This isn't the first time Hall, who worked at the SeaWorld Research Institute in the 1980s, has spoken out about the company's questionable animal care practices. He gave an interview to Frontline in 1997 for the special "A Whale of a Business":
"I haven't been a proponent of captivity for a number of years now. I've been pretty vocal about it. I'll go back to my comment about the pretty simple-minded approach we stumbled on [with the Navy] at Point Magoo. You want to keep an ocean animal healthy? Where do you put 'em? Back in the ocean. That's where they came from. So, I have some real problems with captivity."
Hall also made clear to Frontline his views on SeaWorld's education promise:
"I absolutely agree that at a point in time - and I think we're past it - that captivity may have provided a strong educational component. I know from my days as senior scientist at Seaworld, that the motto was 'Entertainment, education, conservation.' But entertainment was several orders of magnitude above education and conservation."
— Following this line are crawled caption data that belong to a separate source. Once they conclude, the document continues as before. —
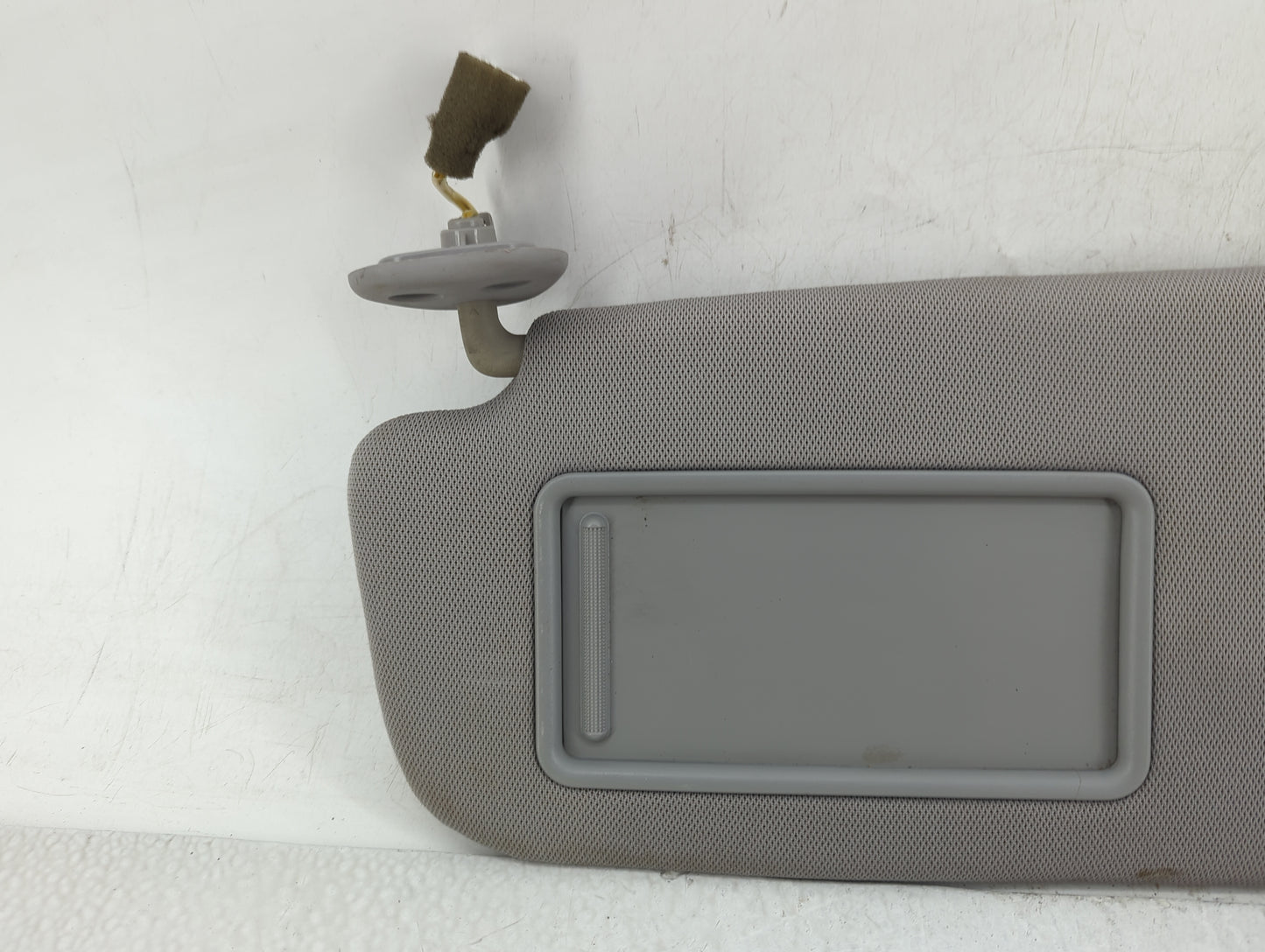 2010-2012 Hyundai Santa Fe Sun Visor Shade Replacement Driver Left Mirror Fits Fits 2010 2011 2012 OEM Used Auto Parts - Oem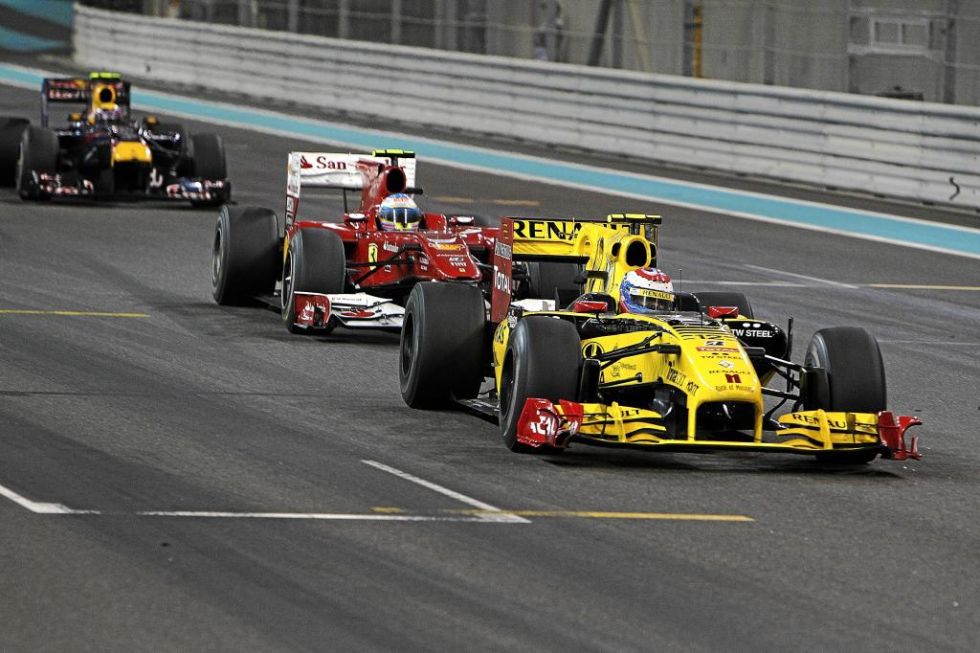 Alonso tuvo en las manos ganar el Mundial en su primer ao en Ferrari, pero una penosa estrategia del equipo le dio el ttulo a Vettel.
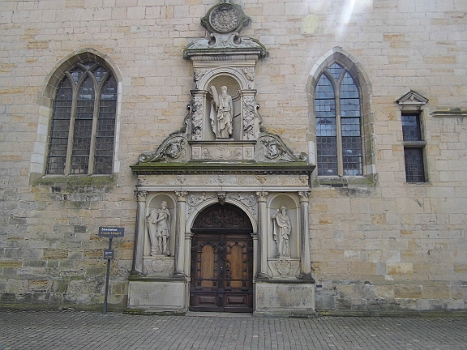 DSCI0362.JPG - Eingang zur Schlosskirche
While SeaWorld continues to tout its "educational experiences intended to create a deeper understanding, respect and desire to protect all wildlife," even its founder didn't really envision that as the park's main purpose. George Millay, who created the company in 1964, reportedly explained the park's real intentions on its 25th anniversary in 1989:
"SeaWorld was created as strictly entertainment. We didn't try to wear this false facade of educational significance," he said.